United States Goaltenders
Jake Oettinger (Boston University), Joseph Woll (Boston College), Jeremy Swayman (University of Maine)
There was never any doubt that both Jake Oettinger and Joseph Woll would make the team despite some inconsistencies that they’ve both experienced at Boston University and Boston College respectively. Woll’s experience in net could land him the first look in net for the United States but Oettinger’s upside is something that simply can’t be ignored. It’s a good problem to have as both netminders are tremendously talented and can be relied upon to backstop the US to a gold medal win. If they happen to struggle, however, Swayman is a goalie that shouldn’t be overlooked.
Rounding out a very New England-themed crease, Swayman has been excellent at the University of Maine this season as a freshman. While he likely won’t see any time in net during the tournament due to his role on the team relative to his fellow goaltenders, his presence alone should instill confidence in fans of Team USA as Swayman is a more-than-capable option in net should he need to take the reigns.

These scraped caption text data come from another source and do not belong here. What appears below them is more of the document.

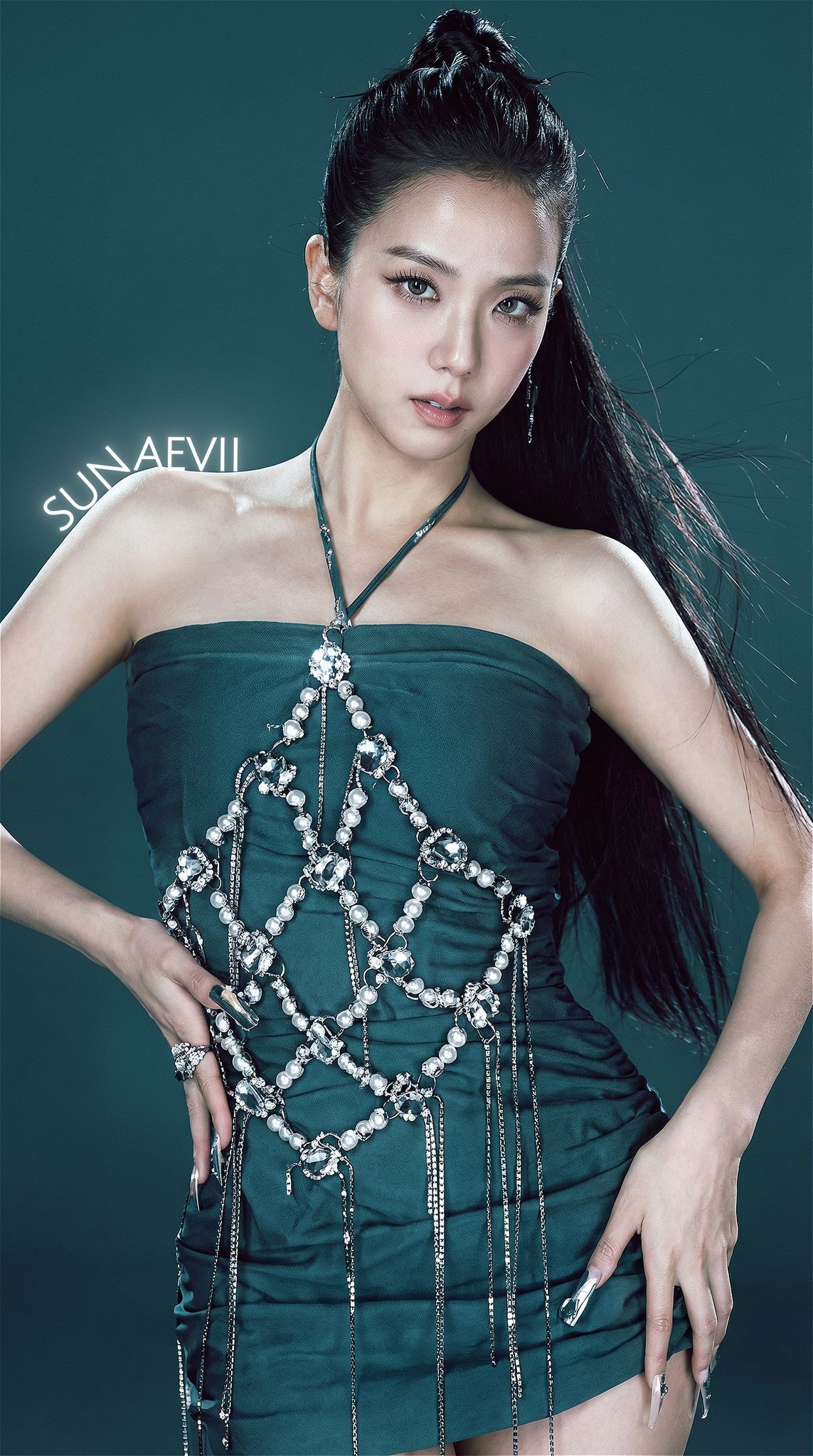 📸BLACKPINK<DEADLINE > 迷你三专辑PhotoBook高清扫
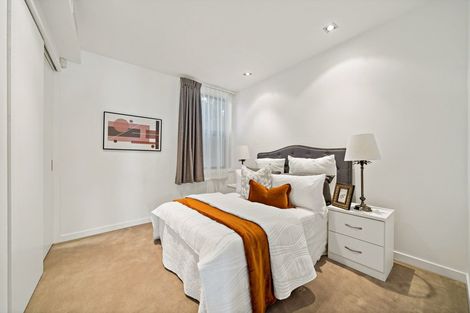 Photo of property in 107/28 Balfour Road, Parnell, Auckland, 1052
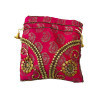 Bolso Bombonera Buho | Aloha y Ohana | Venta al por mayor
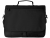 Сумка для документов Pittsburgh, черный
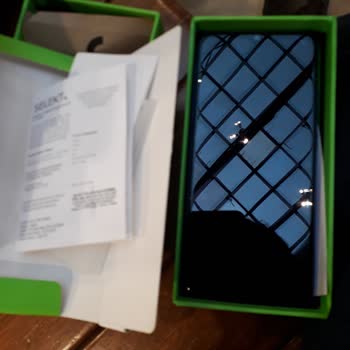 Reeder Tekrarlayan Arizalar İçin Çözüm Bulun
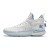  Anta KT9 Klay Thompson Men's Basketball Shoes - White/Blue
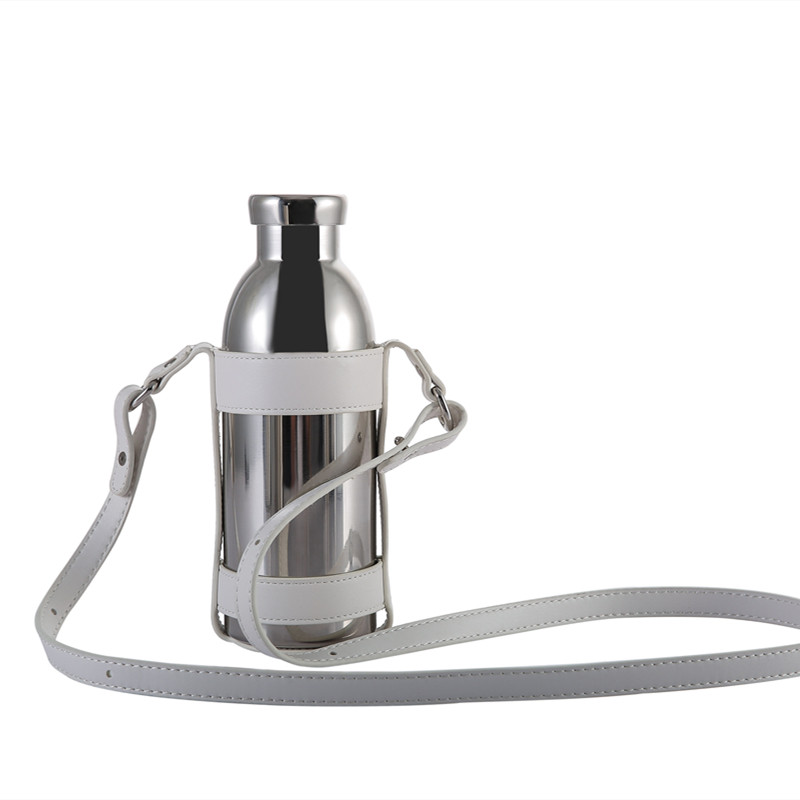 女高颜值男大容量斜跨保温杯ins风便携简约杯子设计小众创意水杯,淘宝优惠券,粉丝福利购,淘宝优惠卷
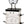 Golden Discs Posters & Merchandise Numskull - Star Wars - Storm Trooper- Gaming Locker [Posters & Merchandise]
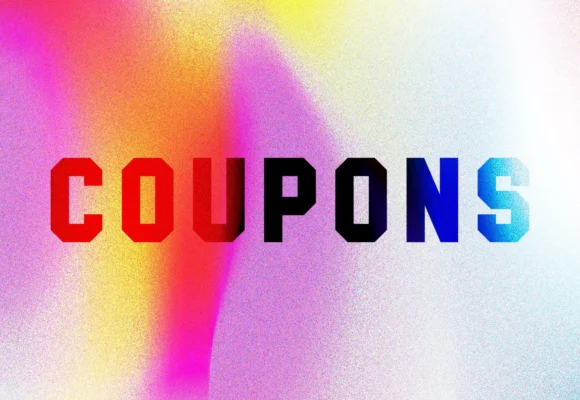 Whoop Promo Codes: 20% Off This August 2026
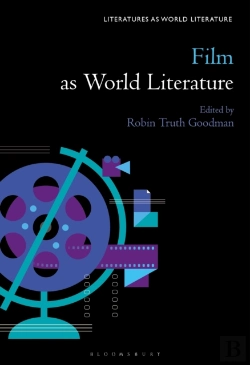 Bertrand.pt - Film As World Literature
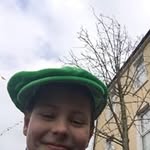 Declan McBride - @mcbridedeclan - Instagram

Though the entire United States’ roster looks strong, their depth in net might be their strongest attribute. Three drafted goaltenders – Oettinger in the first round by the Dallas Stars in 2017, Swayman in the fourth-round by the Boston Bruins in 2017 and Woll in the third-round by the Toronto Maple Leafs in 2016, the crease should be in good hands throughout the tournament regardless of who lands each start.
Mikey Anderson (University of Minnesota Duluth), Adam Fox (Harvard University), Quinn Hughes (University of Michigan), Andrew Peeke (University of Notre Dame), Scott Perunovich (University of Minnesota Duluth), Dylan Samberg (University of Minnesota Duluth), Ryan Lindgren (University of Minnesota).

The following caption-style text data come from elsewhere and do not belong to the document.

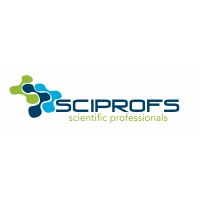 SCIPROFS (PTY) LTD logo - Similar company to Comscience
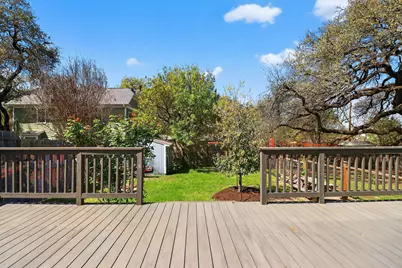 3614 S 2nd Street, Austin, TX 78704 - Photo 31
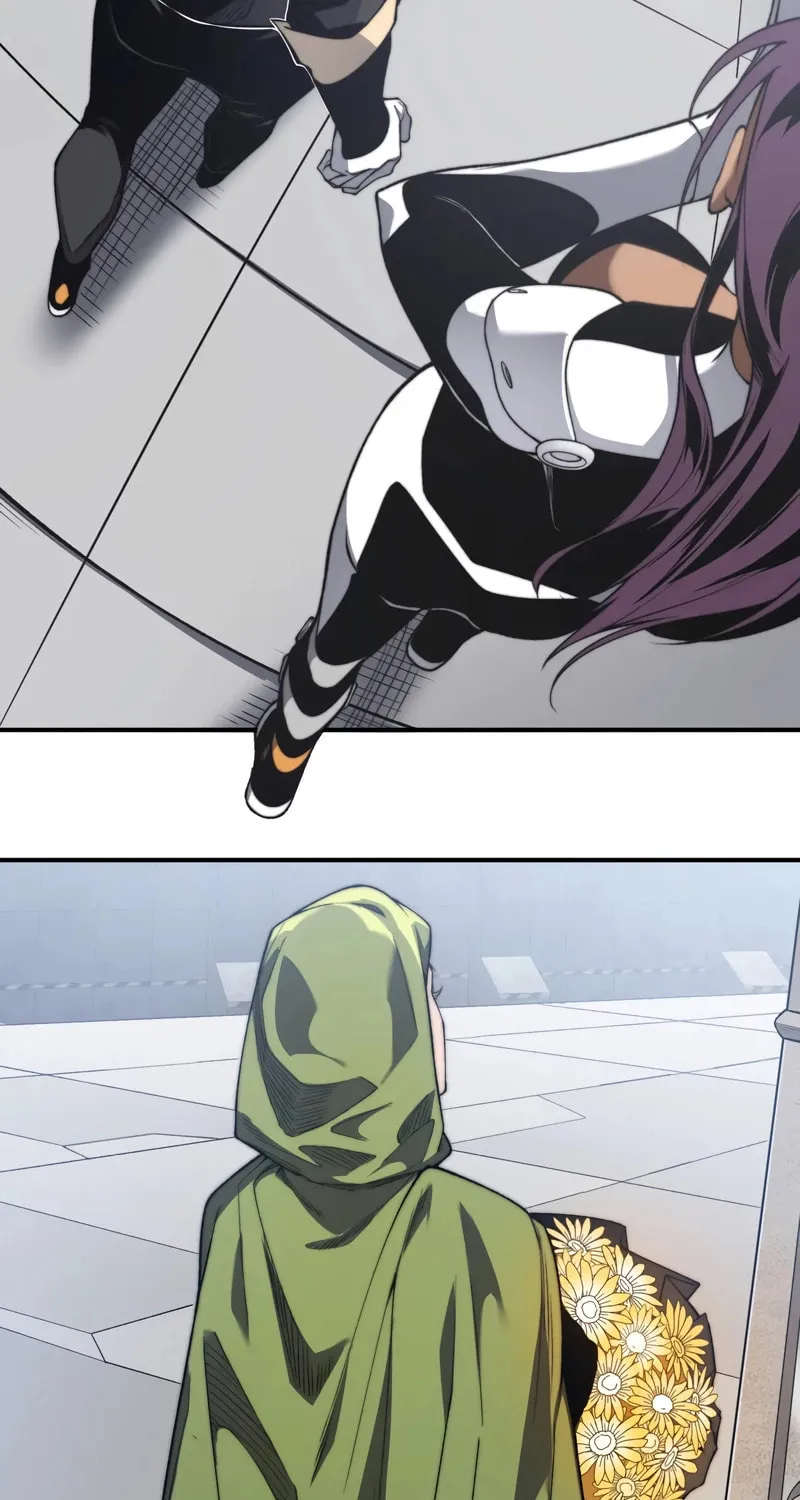 Read Demon Evolution chapter 38 image 66 on Lezhin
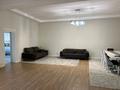 Отдельный дом · 6 комнат · 260 м² · 9 сот., мкр Нуртас — Кенжарык акберди за 125 млн ₸ в Шымкенте, Каратауский р-н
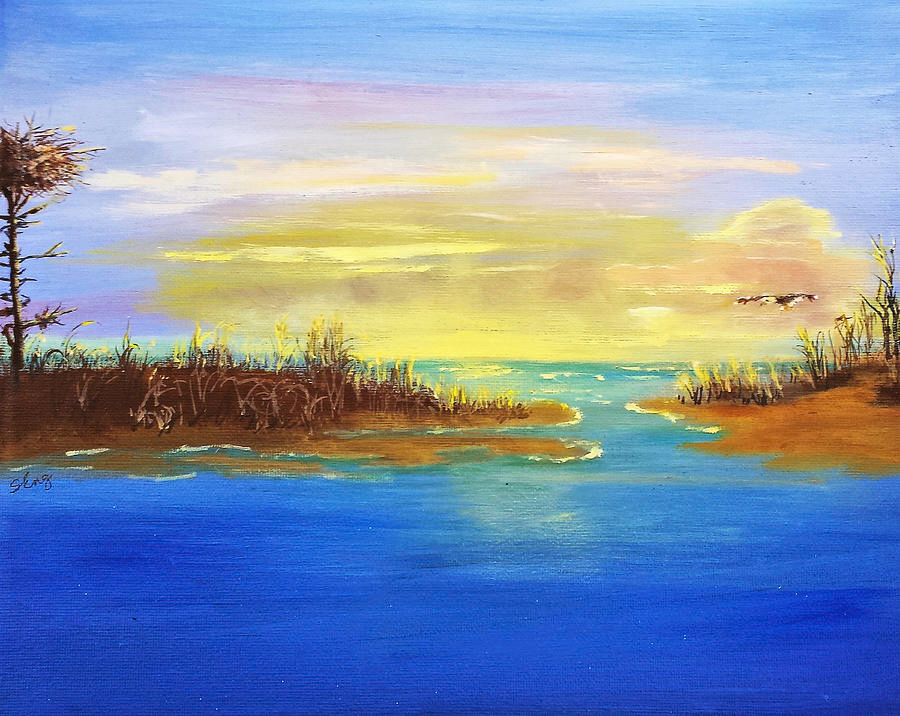 JanetHollister8's tweet photo. Going Home, by Sharon Williams Eng. https://t.co/p9gRAMizuM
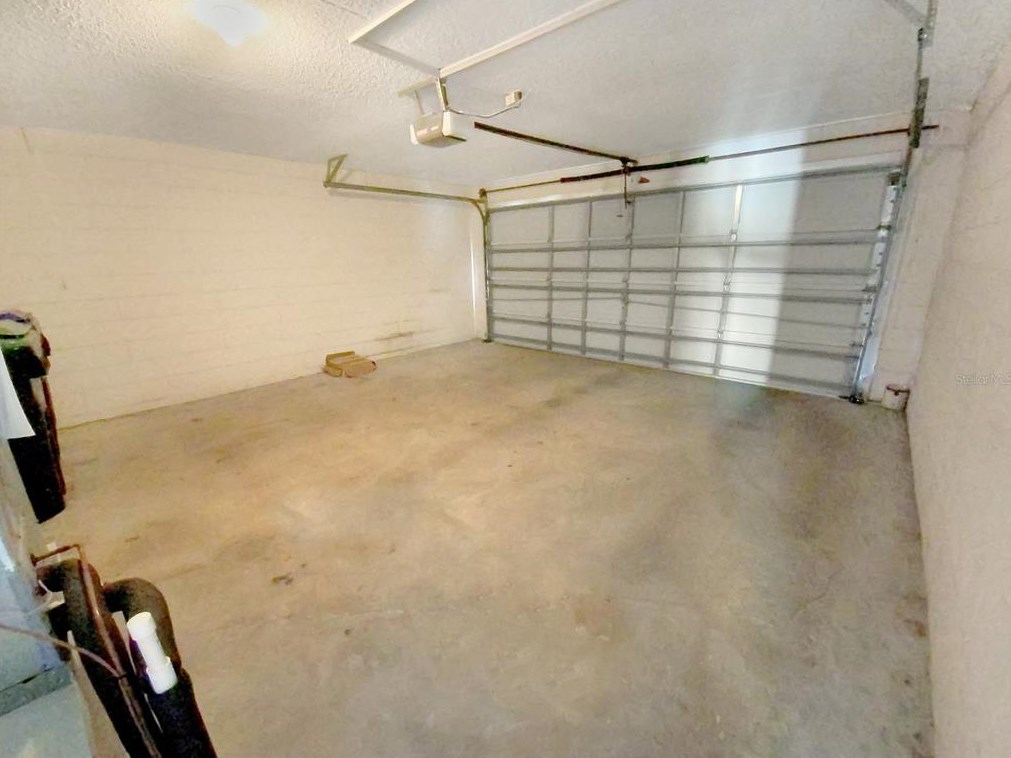 443 Observatory Dr, Orlando FL  32835-1963 exterior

The United States will two blueliners wearing an “A” on their jerseys for the tournament in Aam Fox and Ryan Lindgren. Two polar opposite defenders in terms of what they’ll be asked to do in the tournament, Fox, a third-round pick of the Calgary Flames in 2016, will be tasked with providing some much-needed offense from the backend. Lindgren, a second-round pick of the Boston Bruins in 2016, will be tasked with a shutdown role similar to the one that fellow-Bruins second-round draft pick Brandon Carlo was tasked with doing for the US in the past.

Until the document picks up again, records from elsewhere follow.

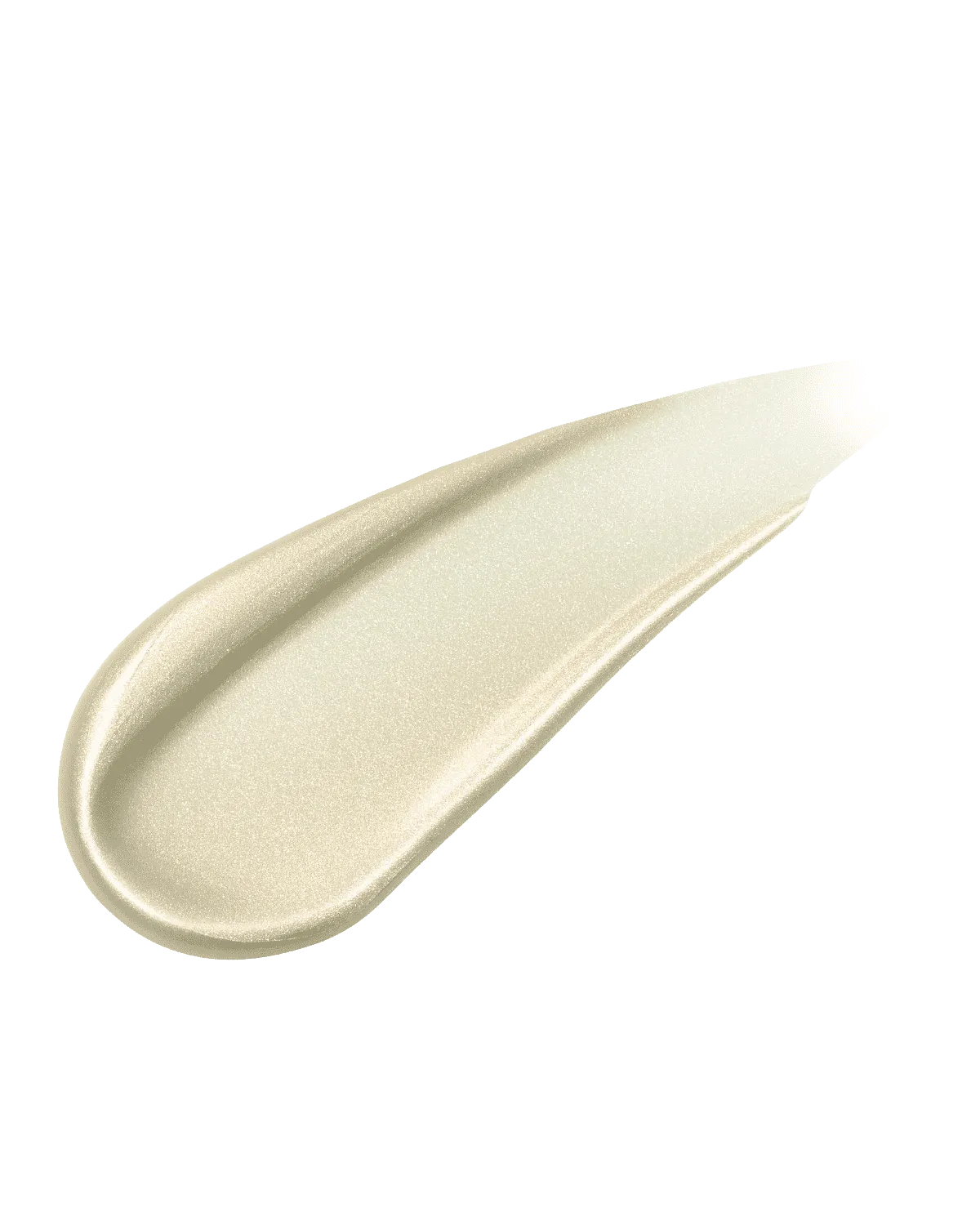 Liquid Killawatt Fluid Freestyle Highlighter — Sidechick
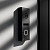 appFastViewPictureSliderItemPicture_image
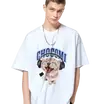 Gildan Ultra Cotton 2000 Adult T-shirt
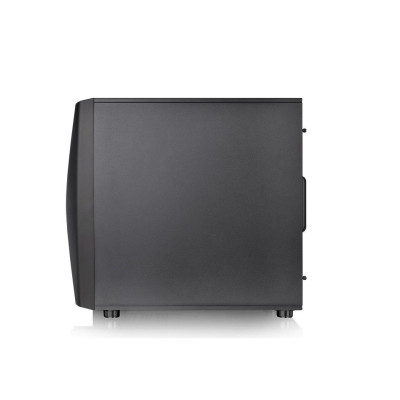 Thermaltake Commander C34 TG ARGB Edition (CA-1N5-00M1WN-00)
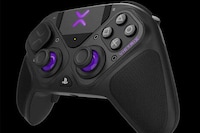 Multi-Console Gaming Controllers Image 1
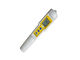 Type mètre d'ORP, mètre de stylo d'eau de Digital pH avec la batterie fournisseur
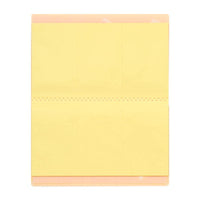 PomPomPurin "Enjoy Idol" Polaroid Card Album
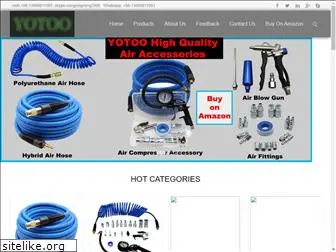 yotootools.com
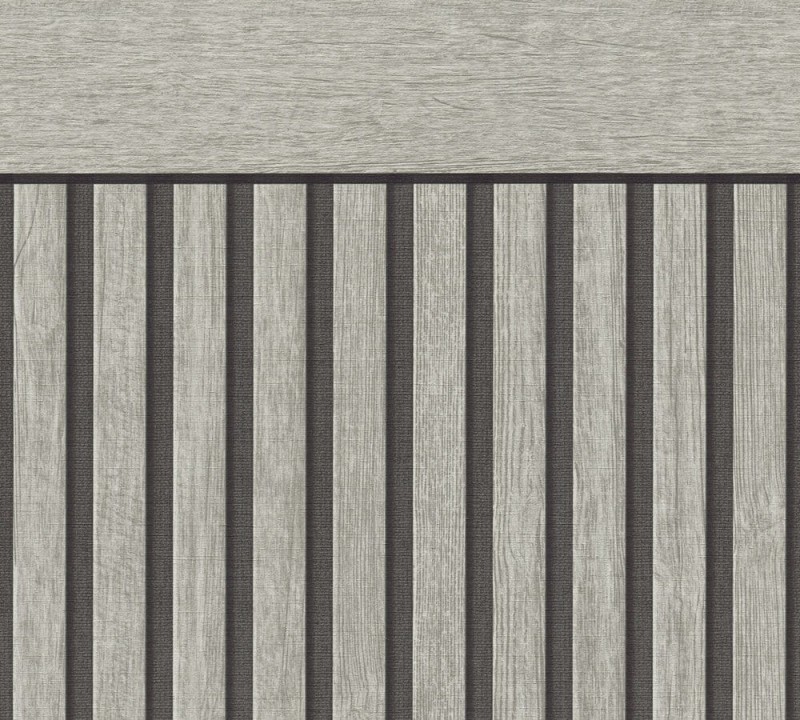 86d9b042574e5ad3d80ab27c140ef1f1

Two players who can make a name for themselves this tournament are Quinn Hughes and Scott Perunovich. Despite being undersized, Hughes is an excellent playmaker on the blue-line who could be the most skilled defender joining the United States at the tournament.
His offensive instincts and smooth skating should make him invaluable to the team and he could raise his draft stock in the process as he’s eligible to be drafted in 2018. He will have to work on turnovers, but that’s to be expected from a young, offensive-minded defender.
Similarly to Hughes, Perunovich’s size can be considered an issue as the 5-foot-10, 170-pound defender was passed on in the 2017 NHL Entry Draft. Still, his speed shouldn’t be understated. With such good speed and remarkable offensive instincts, Perunovich excels with the puck on his stick. What he brings in offense, however, he lacks in defense due to his lack of size – likely a big reason for teams passing on him in the draft. If he wants to get himself back on the map, he’ll need to make the most of the minutes he gets in the tournament and focus on doing what he does well.
Jack of All Trades
In contrasts to much of the United States’ blue-line, Andrew Peeke plays in a more defensive-minded role. His ability in his own zone should translate to minutes on the ice as well as he can be trusted in crunch time with the likes of Lindgren and even Mikey Anderson. One of the more hands-on players on the roster, Anderson brings a level of physicality that others on the blue-line simply don’t. Whether he gets a lot of ice time or not, he should be counted on for some crucial minutes throughout the tournament given his solid nature.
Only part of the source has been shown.